Copy exactly the lines from the line holding "Custom Gildan 100% Cotton White T-Shirt" through the end of the material, and no others; pictures stay out.

START SUPPLIED MATERIAL

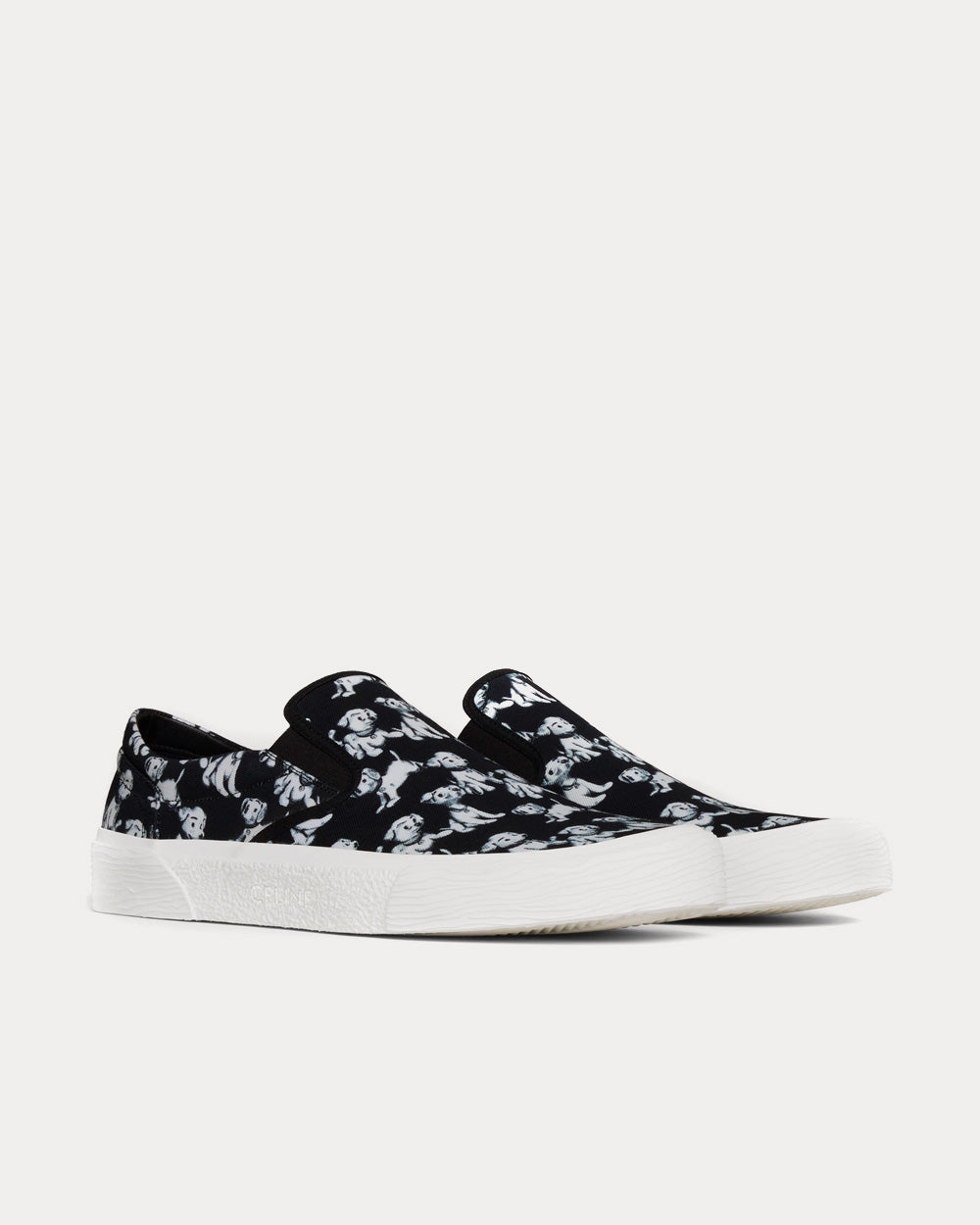 Celine Elliott 'Brain on 2020' Printed Canvas Slip On Sneakers - 2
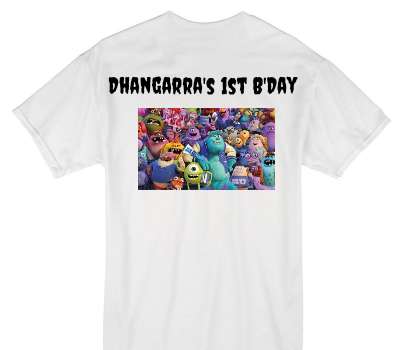 Custom Gildan 100% Cotton White T-Shirt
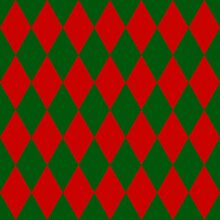 Red And Green Diamond Paint Fashion Background Pattern Seamless For Christmas.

END SUPPLIED MATERIAL

**RESPONSE TO THIS TASK**
 Custom Gildan 100% Cotton White T-Shirt
 Red And Green Diamond Paint Fashion Background Pattern Seamless For Christmas.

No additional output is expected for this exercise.